▸ WHAT IS NEEDED:
Word for word, copy out the data below, omitting pictures.

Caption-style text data
---*---

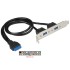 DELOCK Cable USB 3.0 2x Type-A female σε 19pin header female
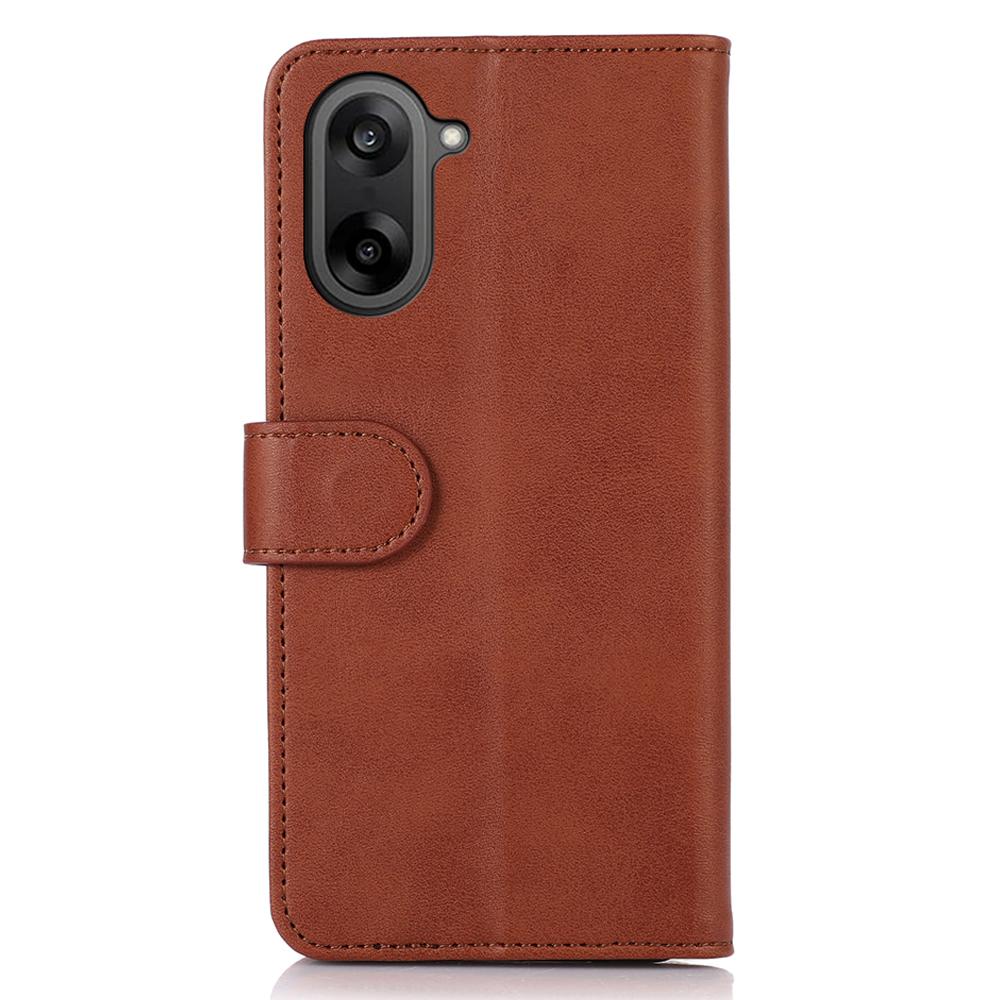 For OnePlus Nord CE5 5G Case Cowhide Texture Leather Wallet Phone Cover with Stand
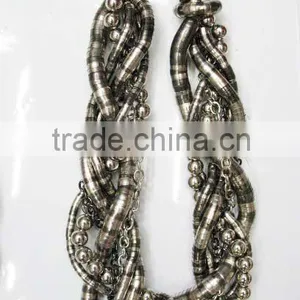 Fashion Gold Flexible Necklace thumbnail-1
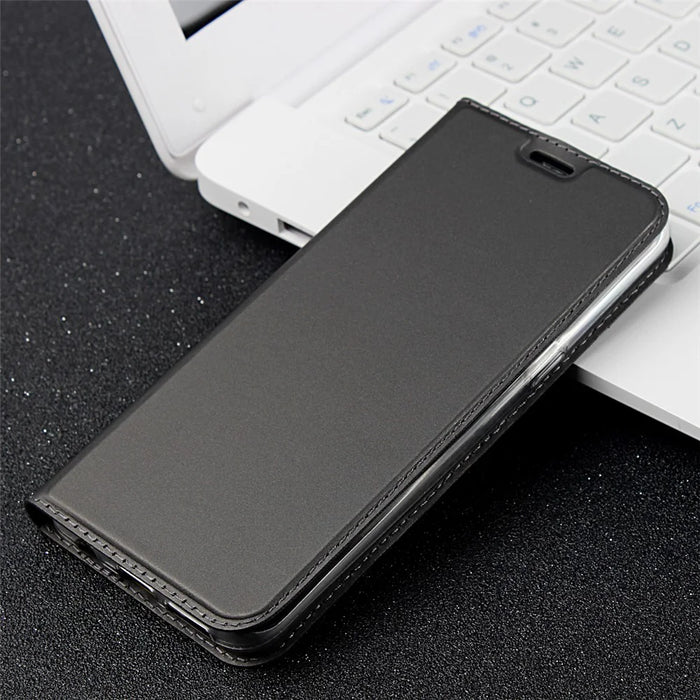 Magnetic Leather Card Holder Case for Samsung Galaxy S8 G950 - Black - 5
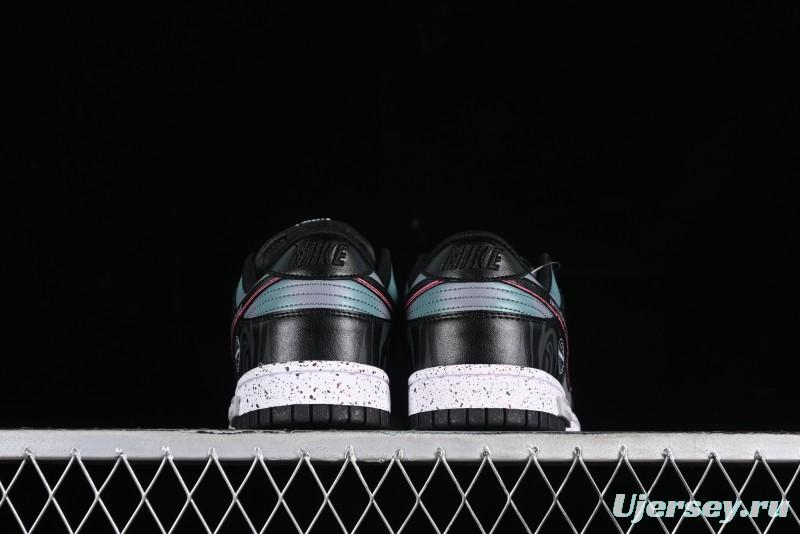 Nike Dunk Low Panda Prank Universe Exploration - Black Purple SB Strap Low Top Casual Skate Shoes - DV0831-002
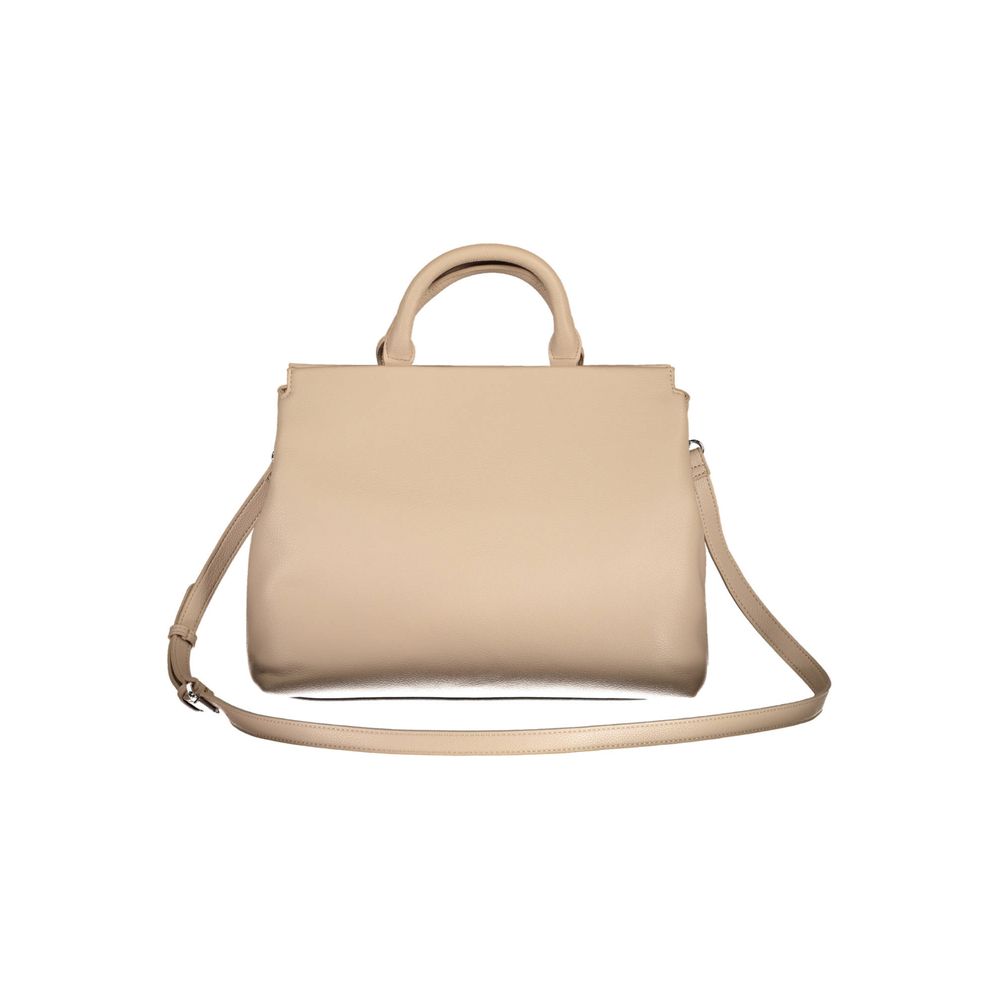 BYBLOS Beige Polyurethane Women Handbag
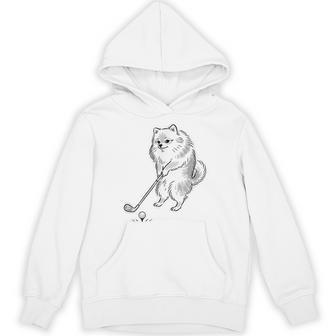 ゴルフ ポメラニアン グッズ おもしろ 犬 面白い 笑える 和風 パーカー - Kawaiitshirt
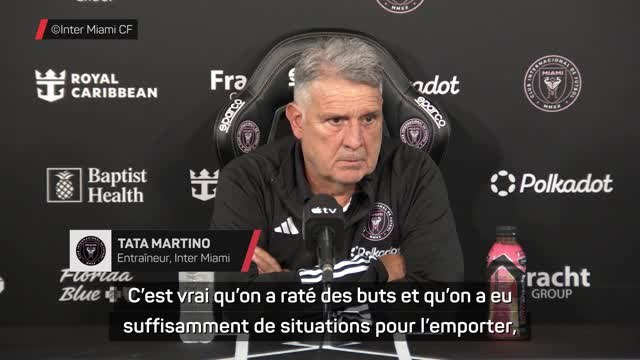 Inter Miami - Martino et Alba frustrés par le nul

---*---

▸ EXERCISE OUTPUT:
 DELOCK Cable USB 3.0 2x Type-A female σε 19pin header female
 For OnePlus Nord CE5 5G Case Cowhide Texture Leather Wallet Phone Cover with Stand
 Fashion Gold Flexible Necklace thumbnail-1
 Magnetic Leather Card Holder Case for Samsung Galaxy S8 G950 - Black - 5
 Nike Dunk Low Panda Prank Universe Exploration - Black Purple SB Strap Low Top Casual Skate Shoes - DV0831-002
 BYBLOS Beige Polyurethane Women Handbag
 ゴルフ ポメラニアン グッズ おもしろ 犬 面白い 笑える 和風 パーカー - Kawaiitshirt
 Inter Miami - Martino et Alba frustrés par le nul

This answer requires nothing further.